Critics of such a sentiment may question why the Palestinians should be regarded as inferior. Indeed, the Palestinian leadership claims that Israel’s charges of state-sponsored anti-Semitism are merely facades to mask its own “apartheid-like” policies against rightful Arab occupants (Turner). However, the dual behavior of the dueling states has demonstrated that the Palestinian authority—certainly not its citizenry—has failed on several occasions to comply with fundamental law of civilization (e.g., by sponsoring Hamas-led terrorism and the killings of several citizens). It is therefore necessary and just to recognize the Israelis’ ancestral homeland (including the Palestinian-occupied Judea) as belonging to the Jewish people, where a peaceful coexistence with regional Arabs can continue and where the long-overdue preservation of strong Judeo-Christian and democratic values can exist in a region that is in dire need of them.

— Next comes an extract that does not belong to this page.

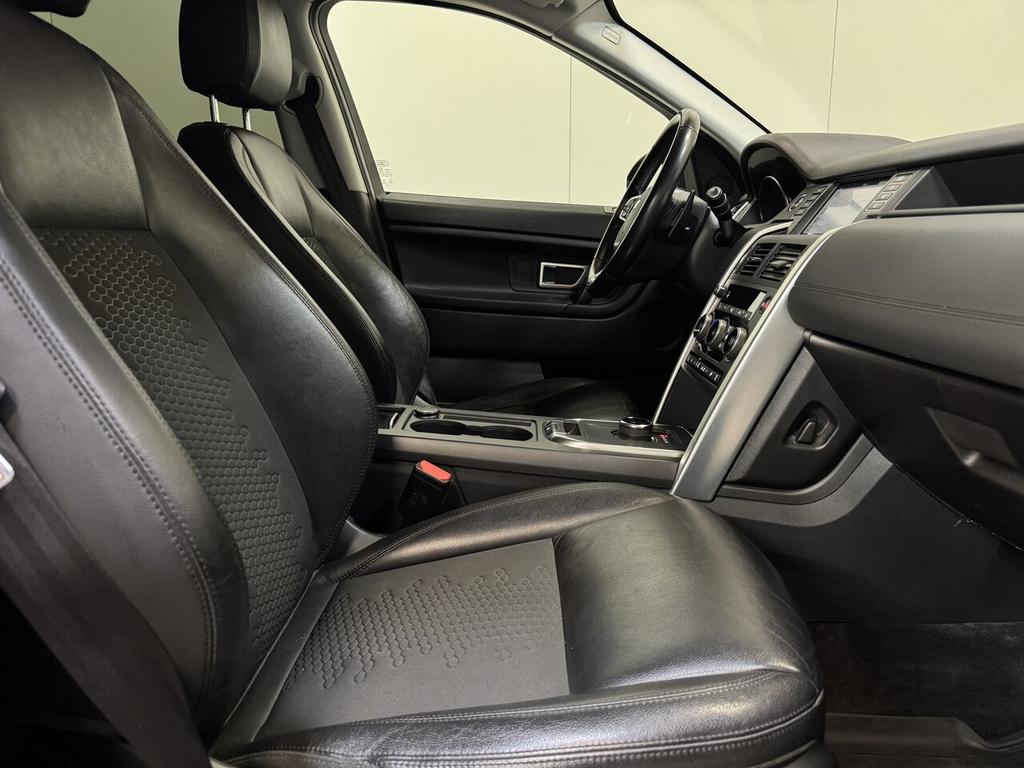 Land Rover Discovery Sport 2.0 Benzine AWD Autom. - Airco -, 4 deurs, 241 pk, 4 cilinders, 0 kg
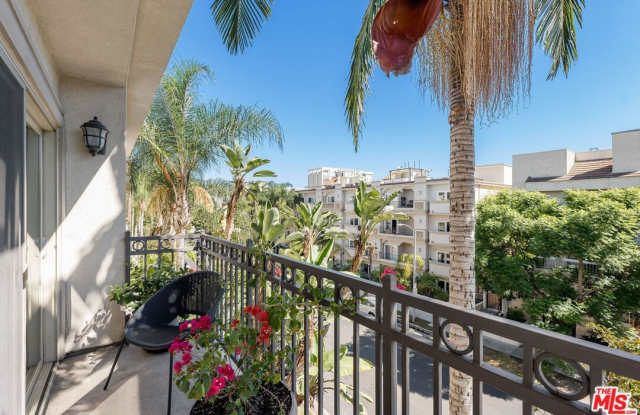 141 S Clark Dr unit: 411 photos photos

I love Israel. I mean what Christian doesn’t? If anyone deserve to claim Israel its the Israelis, as they LITERALLY had it first for hundreds of years. Not to mention Jews have been exiled from just about everywhere due to historical anti-semitism. Do they not deserve to at least keep their homeland? What worries me is that whoever the next President is after Trump –if they’re on the left– might start to renege on the dedication the U.S. has had to Israel.
I am aware of the Israeli Palestinian conflict but not aware of the extent that it still exists. I also never understood the threat of Hamas and the extent of its military presence.
Wow, theres really a lot going on. I wonder what the end result will be, people are always fighting over land, whose land it is, how to expand it, etc. I like the plan for Palestine and Israel to coexist with one another but who knows what will really happen…
Israeli’s can seriously never get a break. I feel as though there will always be war over that land. It is such a historical and important place to so many faiths, therefore I do not see an end in sight.